In the 1920s, Fort Lauderdale swelled from a population of 2,300 to nearly 9,000. Toward the end of that decade, a young aviation enthusiast named Merle Fogg brought locals into a brave new transportation age.
Fort Lauderdale had seen nothing like Fogg and his twin-winged biplane – similar to the one the Wright Brothers piloted into history. With the plane parked in a makeshift hangar along Las Olas Boulevard, Fogg barnstormed the state with high-flying daredevil maneuvers. He also operated a flying service, documented damage from a brutal 1926 hurricane with aerial photography and trained dozens of first-time pilots.

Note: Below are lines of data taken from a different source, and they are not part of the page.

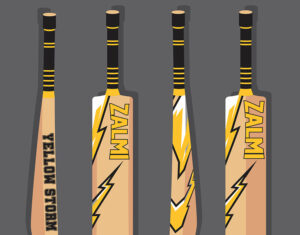 Guide to Cricket Bat Stickers: Customization, Design, and Printing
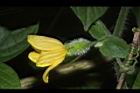 青牛膽-雌花苞14.JPG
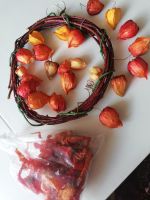 Herbstkranz Physalis Paprika, zum Gestalten Dresden - Loschwitz Vorschau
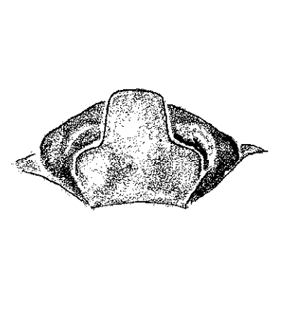 speciesimage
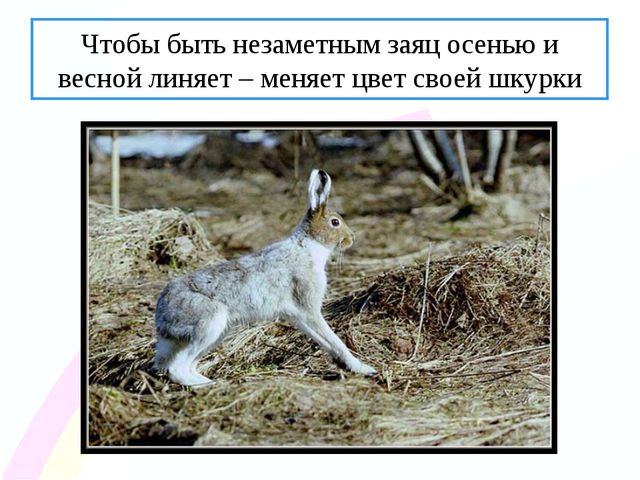 Зайчик. Презентация по ознакомлению с окружающим миром
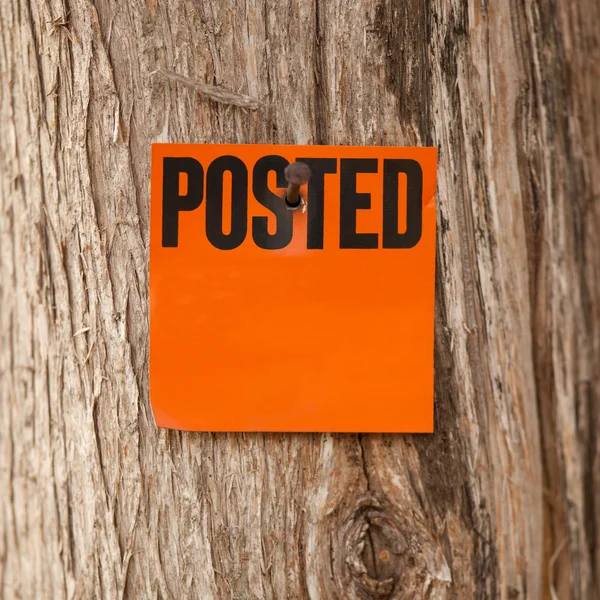 Posted Orange Notice — Stock Photo, Image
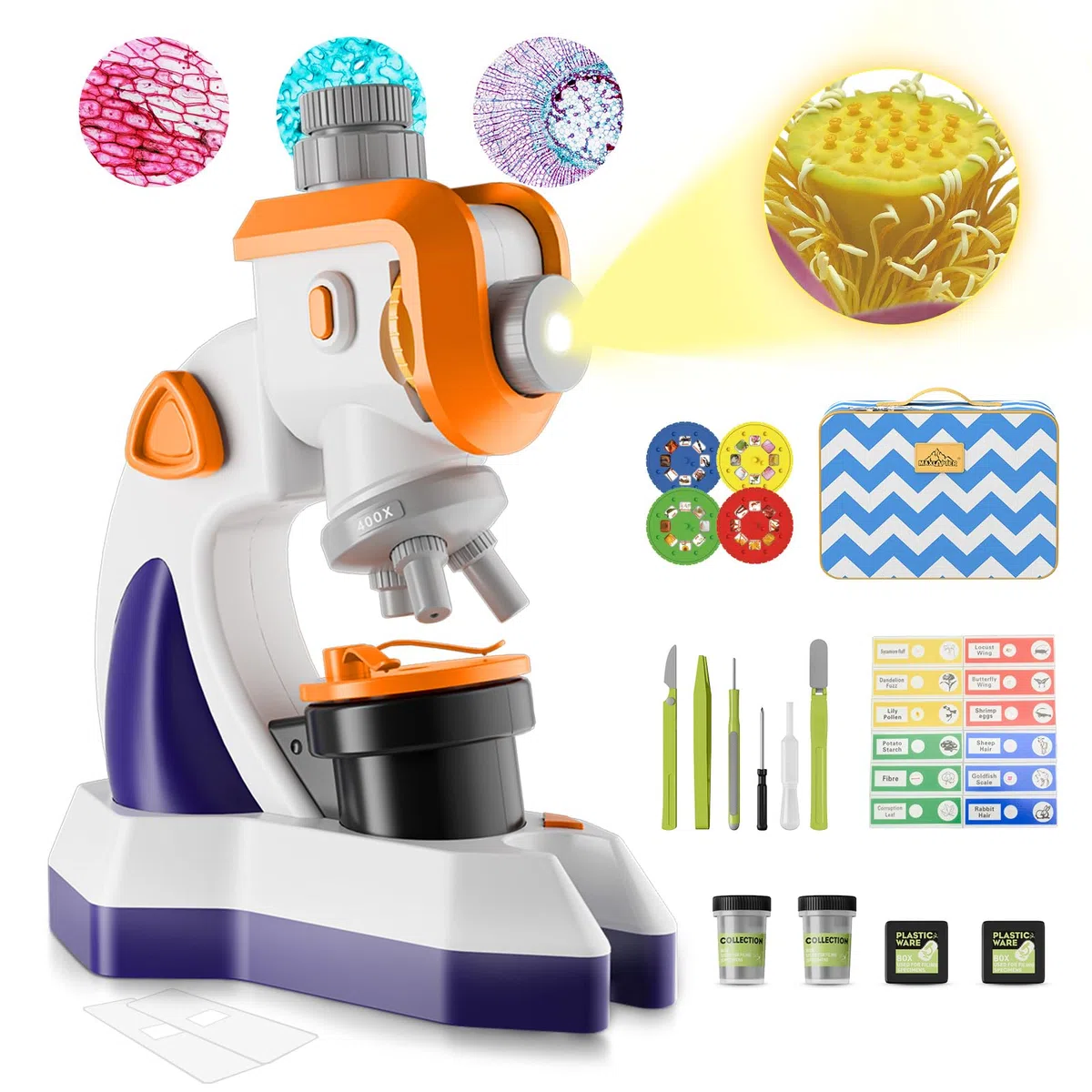MAXLAPTER Microscopio per Bambini 1200X con Proiettore: Microscopio con Vetrini Preparati e Borsa per la Conservazione - Regali di Scienza Edu per Bambini Principianti di 8-12 Anni (Arancione-Viola)
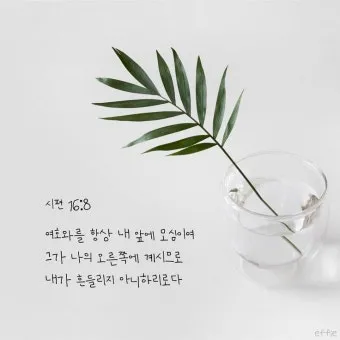 시편 85장 10절 읽기 - 인자와 진리가 같이 만나고 의와 화평이 서로 입맞추었으며_25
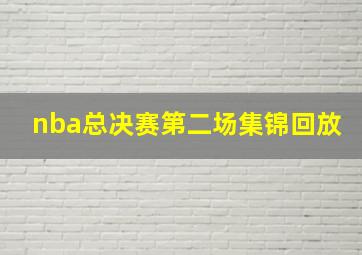 nba总决赛第二场集锦回放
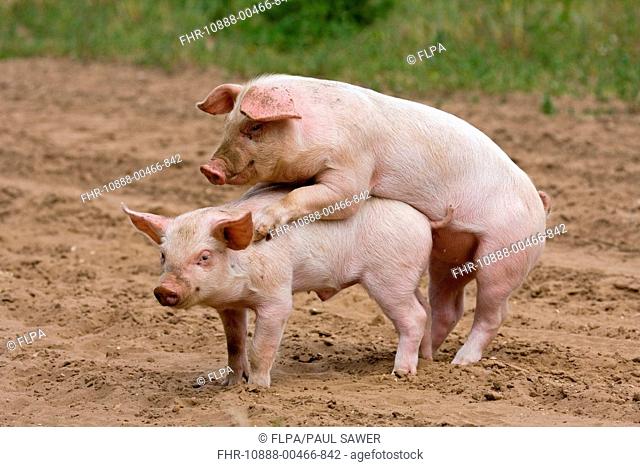 Domestic Pig, Large White x Landrace x Duroc, freerange piglets, playing, mounting sibling, on outdoor unit, England, june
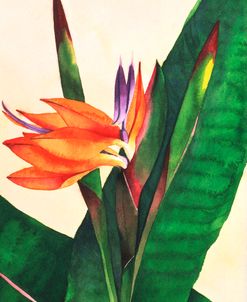 Bird Of Paradise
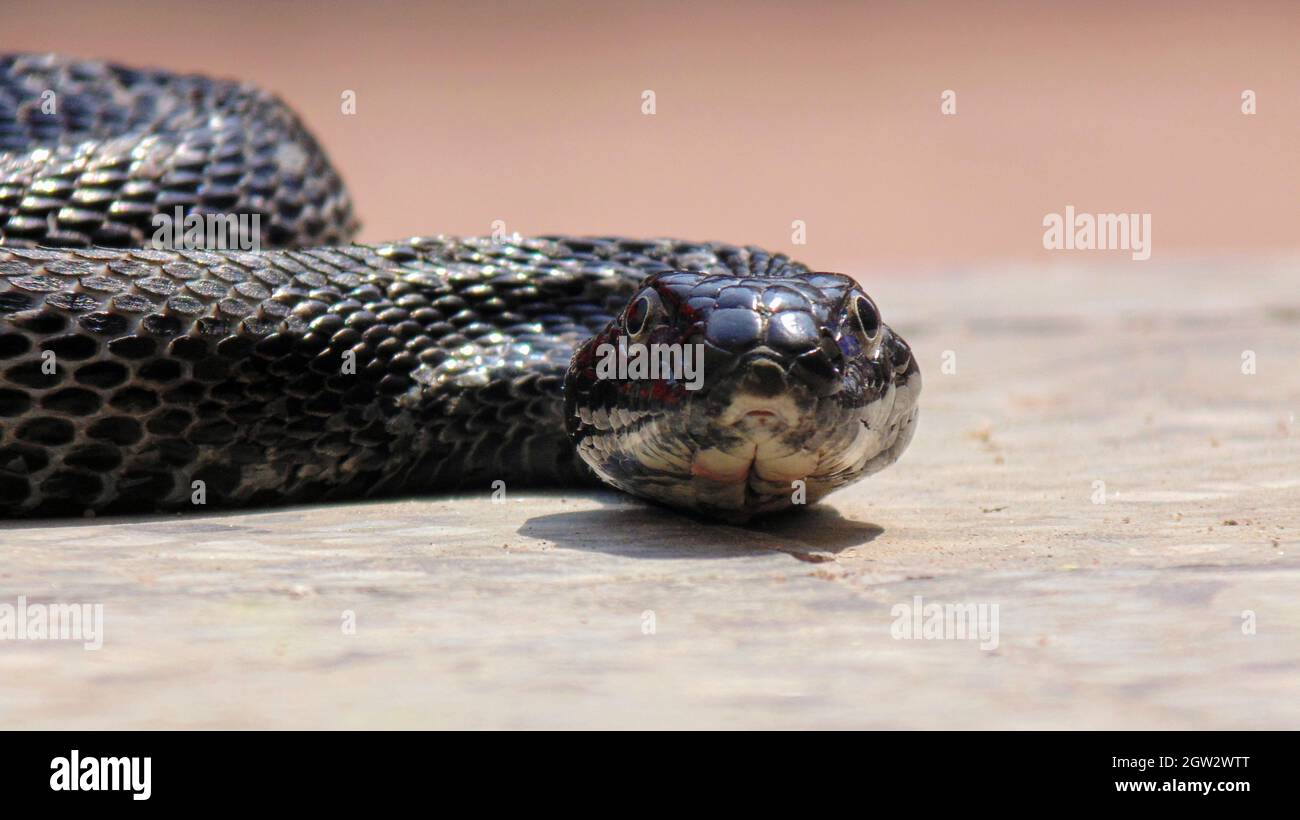 Closeup Of Black King Cobra On Land Stock Photo Alamy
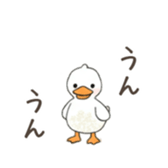 764539796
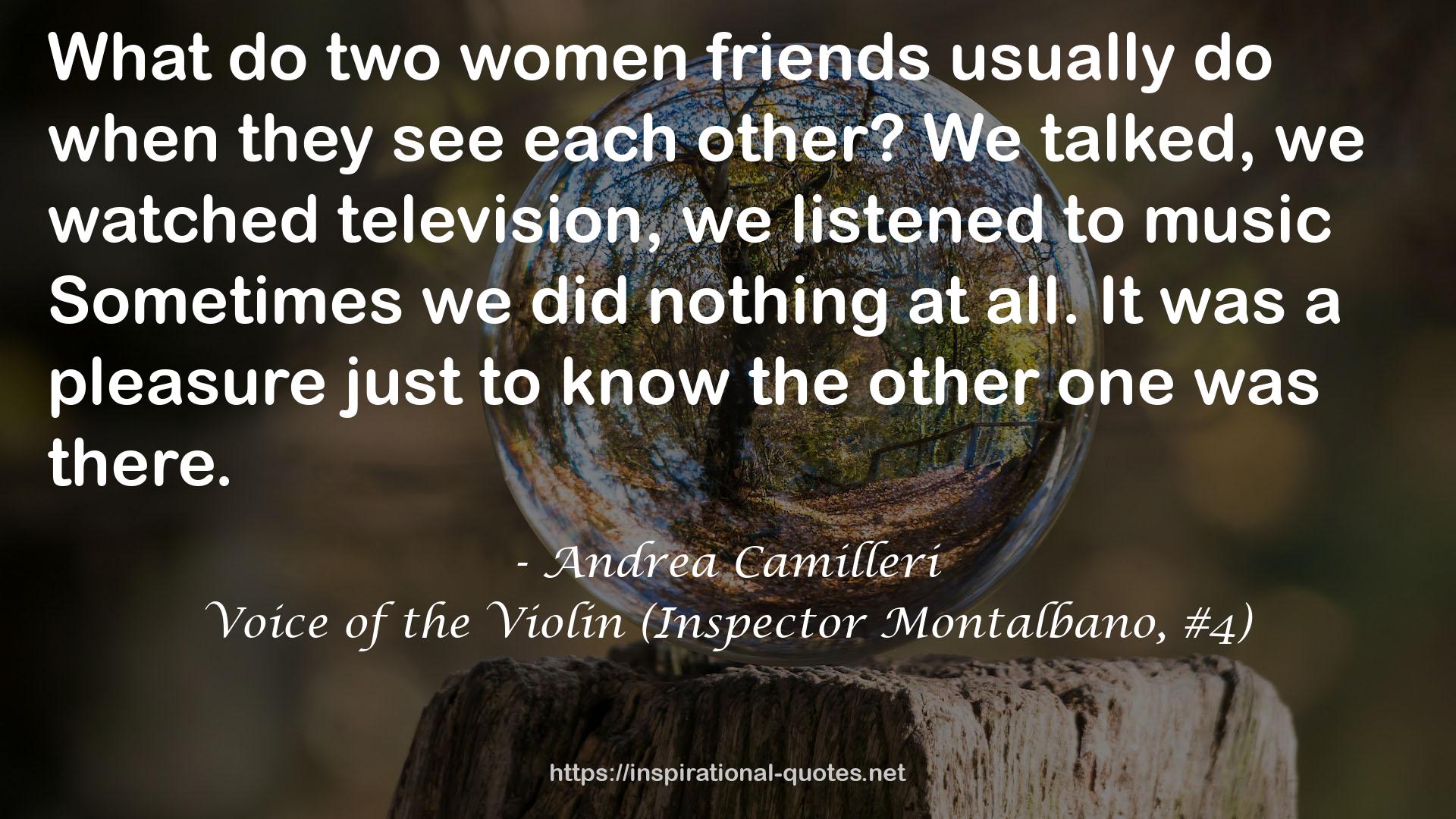 Voice of the Violin (Inspector Montalbano, #4) QUOTES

But Fogg’s life came to a premature close: Aviation’s biggest local promoter died tragically in an air crash at the age of 29, with one of his student pilots at the controls.
His life and death spurred a groundswell of support for the city’s first airport. Merle L. Fogg Municipal Airport, two criss-crossed strips of unpaved runways, opened in 1929. It was built on the ninth hole fairway of a defunct golf course that Fogg had purchased for the purpose.
The airport kept that name until shortly after war was declared in 1941 and the Nazis began attacking Allied shipping along the coast. Broward cities were blacked out at night, and the Coast Guard patrolled the waters looking for submarines.
Thus, the sleepy municipal airport underwent a massive transformation. The U.S. Navy took it over, giving it a new name and mission: Naval Air Station Fort Lauderdale.
It was a boon for the city in more ways than one. At the time there was widespread gas rationing, which cut back on tourism and real estate development. But with the Naval Air Station came lots of wartime activity, including new facilities and thousands of American and British men and women training to be flight crews, ground crews and maintenance support workers.
The air station soon mushroomed to 200 buildings and became the home of the TBF and TBM Avengers, the largest single-engine planes used in the war. Made by Grumman, the torpedo bomber was capable of taking off from aircraft carriers and featured folding-wings technology perfect for saving space on carrier decks.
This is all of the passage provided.